§ Supplied information
::::
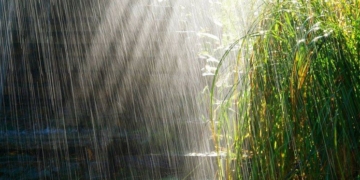 Después de la tormenta volvió el sol: datos de lluvia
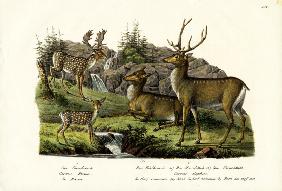 Fallow Deer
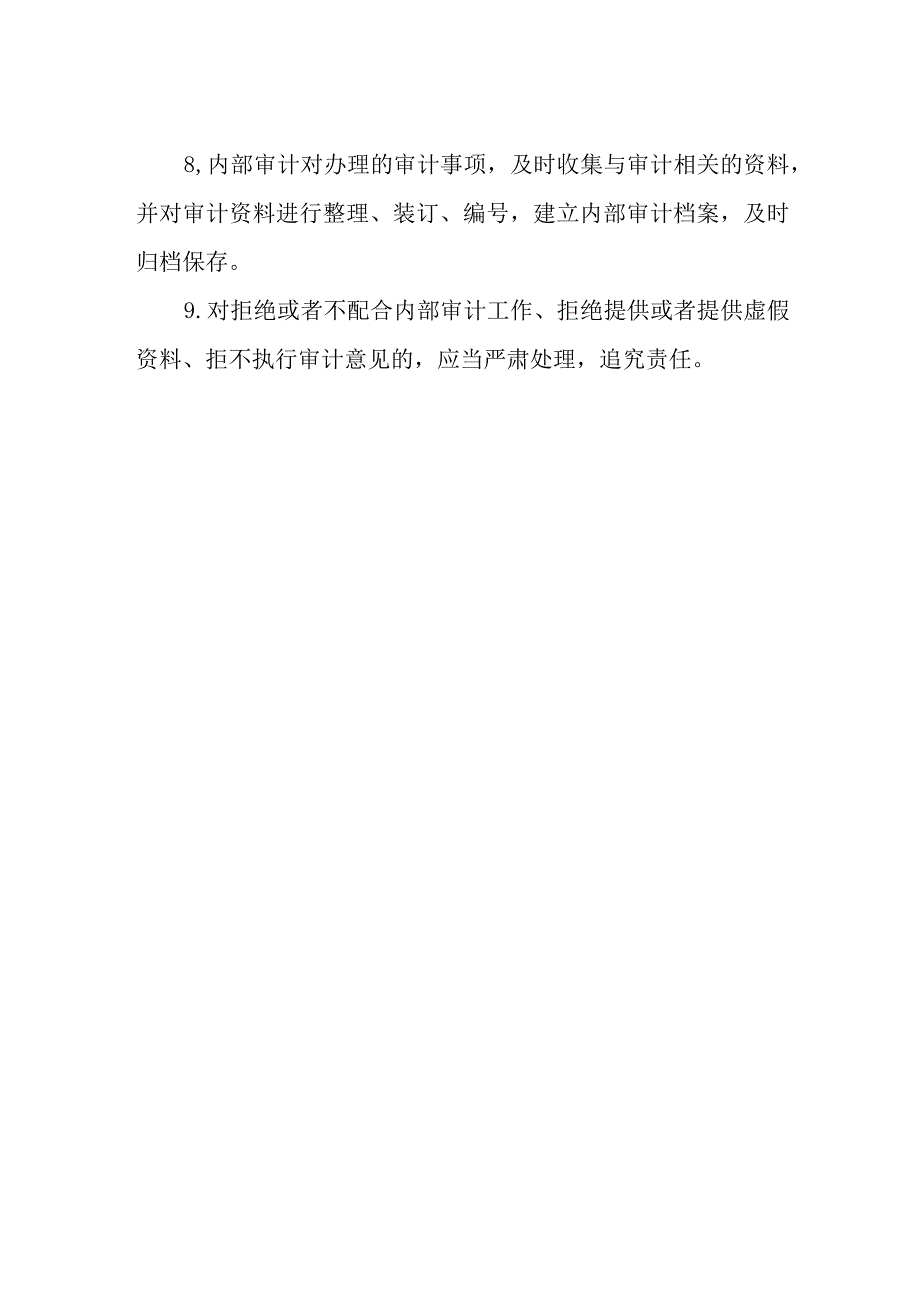 医院内部审计制度.docx_第2页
::::
§ What you will do
A verbatim copy of the material is needed; pictures are not to appear in it.

§ Solution to this task
 Después de la tormenta volvió el sol: datos de lluvia
 Fallow Deer
 医院内部审计制度.docx_第2页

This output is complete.